Эффект этой идентификации зависел по меньшей мере от двух условий — нужно было, во-первых, не утруждать себя сколько-нибудь вдумчивым прочтением текстов, и нужно было, во-вторых, сводить дело к броским и легко запоминающимся обрубкам фраз. В конце концов каждому эпохальному мыслителю приходится выдерживать свой плебисцит — некое испытание прокрустовым ложем обобщений, где речь идёт не о «забытых добродетелях правильного чтения», до которых нет никакого дела торопливому и вечно занятому большинству, а о своеобразной редукции всего мировоззрительного объёма к двум-трём росчеркам в общем и целом — чтобы «покороче и яснее». Этого испытания — скажем сразу же — Ницше не выдержал; да и кто бы выдержал его! Говоря в кредит будущих возможных недоразумений, — он не выдержит его никогда и ни при каких обстоятельствах; слишком чудовищным оказался резонанс первого недоразумения. Дело вовсе не в том, что автор «Заратустры» попал в ряд «предтеч» национал-социализма; он, как мы видели, разделял эту участь с достаточно внушительными именами мирового калибра, — дело в том, что эта псевдоидеологическая интерпретация, которой идеологи нацизма, в стремлении обеспечить имманентную и почвенную подоплёку движения, придавали особое значение, оказалась более живучей, чем любая другая, и надолго пережила породившую её причину. Симфонии Бетховена, не в меньшей степени «работающие» на режим, чем проповеди Заратустры, даже и не нуждались в послевоенном карантине денацификации, настолько абсурдной могла бы показаться мысль об их запятнанности. Карантин ницшевской философии — плачевнейший факт европейской культуры — частично длится и по сей день, во всяком случае, у нас, где до сих пор ещё не сделано ни одной сколько-нибудь серьёзной попытки пересмотреть этот вопиющий стереотип, в то время как на Западе, после ставших классическими изданий Шлехты и Колли — Монтинари, а также потока публикаций, посвящённых «казусу Ницше», просто неприличной выглядит уже столь однозначная и одиозная оценка этой мысли.

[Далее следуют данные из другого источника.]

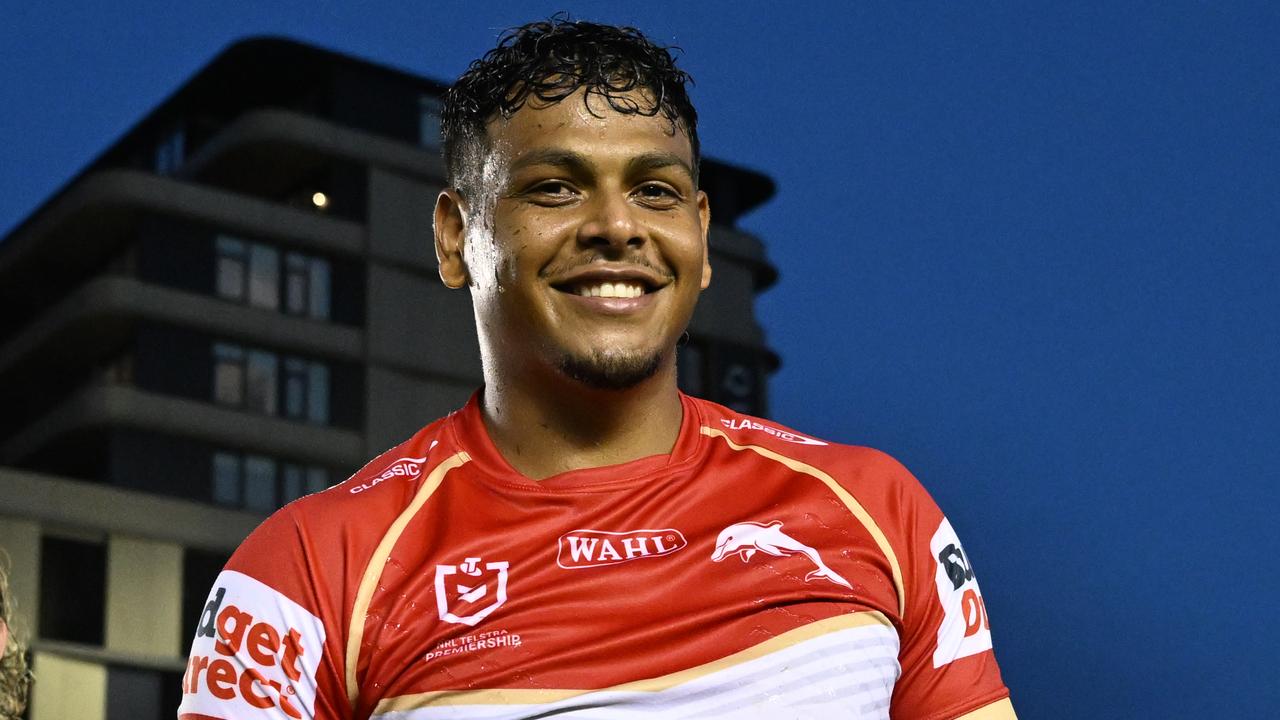 Transfer Whispers, contract, rumours, Selwyn Cobbo declined $4.3m Dragons deal, Dolphins, rugby league news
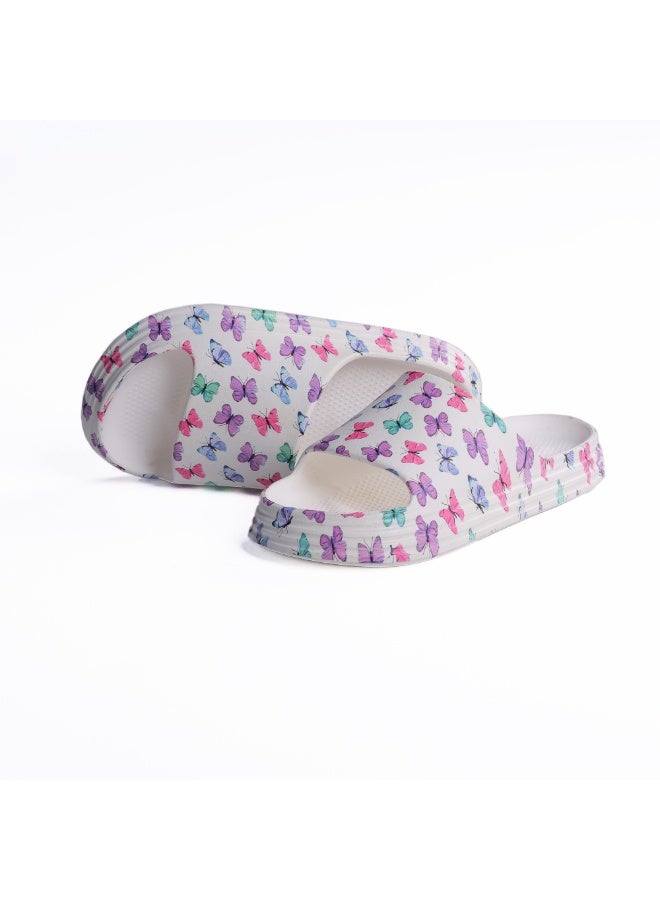 Onda Waves PK6 Comfortable, Lightweight & Stylish Slipper for Boy - Image 2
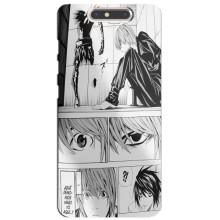 Чохли Персонажі Аніме Наруто для ZTE Blade V8 (AlphaPrint) – Ягамі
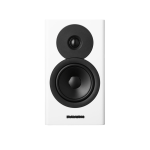 Dynaudio Evoke 10 baltas lakas (pora)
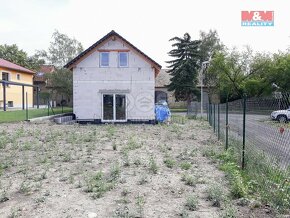 Prodej rodinného domu, 90 m², Černiv - 15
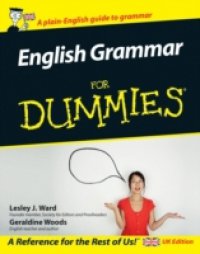 Читать English Grammar For Dummies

Подведём некоторые итоги. Если избавиться от расхожего предрассудка, гораздого навешивать ярлыки на основании отдельных вырванных из контекста (к тому же тенденциозно подобранных) отрывков, — кто, спросим снова, из мыслителей всех времен выдержал бы эту процедуру, не очутившись в стане «врагов человечества»? — если, стало быть, брать вопрос должным образом, т. е. в конкретно понятом целом, а не в химерически отвлечённом «общем и целом», то нацистский ангажемент Фридриха Ницше обернётся не просто очередной фальшивкой в духе пресловутых традиций Архива, но фальшивкой, абсурдной в обоих — буквальном и аллегорическом (допустив, что до символа ситуация не дотягивается) — смыслах. Уже не говоря о холодном и недоверчивом отношении со стороны власть имущих «философов» — Альфред Розенберг в «Мифе XX столетия» специально подчёркивает неарийский характер дионисизма и тем самым всего ницшевского мировоззрения, — достаточно обратить внимание на ряд самых существенных диссонансов, чтобы понять, каким бесстыдным образом могло здесь белое выдаваться за чёрное. Кто станет спорить с тем, что нацистская идеология в целом (да и, пожалуй, в общем) сводится к трём основополагающим принципам: пангерманизму, антисемитизму и славянофобии! Но если так, то не стоит ли в целях окончательного устранения кривотолков проэкзаменовать Ницше именно по этим трём пунктам — с обязательной оговоркой, что речь идёт на этот раз не о предумышленных цитатных вырезках, а о едином контексте всей его философии!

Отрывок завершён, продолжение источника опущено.